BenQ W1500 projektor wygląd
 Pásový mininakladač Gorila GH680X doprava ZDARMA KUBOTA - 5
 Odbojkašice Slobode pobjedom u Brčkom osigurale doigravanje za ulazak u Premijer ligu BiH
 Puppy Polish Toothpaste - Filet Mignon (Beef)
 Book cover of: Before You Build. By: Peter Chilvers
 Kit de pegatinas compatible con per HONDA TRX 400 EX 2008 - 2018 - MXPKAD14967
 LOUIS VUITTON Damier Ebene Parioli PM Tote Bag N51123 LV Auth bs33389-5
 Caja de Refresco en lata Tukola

----

- _PROBLEM_
Each line of the data must be retyped exactly.

- _OUTPUT FOR THIS TASK_
BenQ W1500 projektor wygląd
 Pásový mininakladač Gorila GH680X doprava ZDARMA KUBOTA - 5
 Odbojkašice Slobode pobjedom u Brčkom osigurale doigravanje za ulazak u Premijer ligu BiH
 Puppy Polish Toothpaste - Filet Mignon (Beef)
 Book cover of: Before You Build. By: Peter Chilvers
 Kit de pegatinas compatible con per HONDA TRX 400 EX 2008 - 2018 - MXPKAD14967
 LOUIS VUITTON Damier Ebene Parioli PM Tote Bag N51123 LV Auth bs33389-5
 Caja de Refresco en lata Tukola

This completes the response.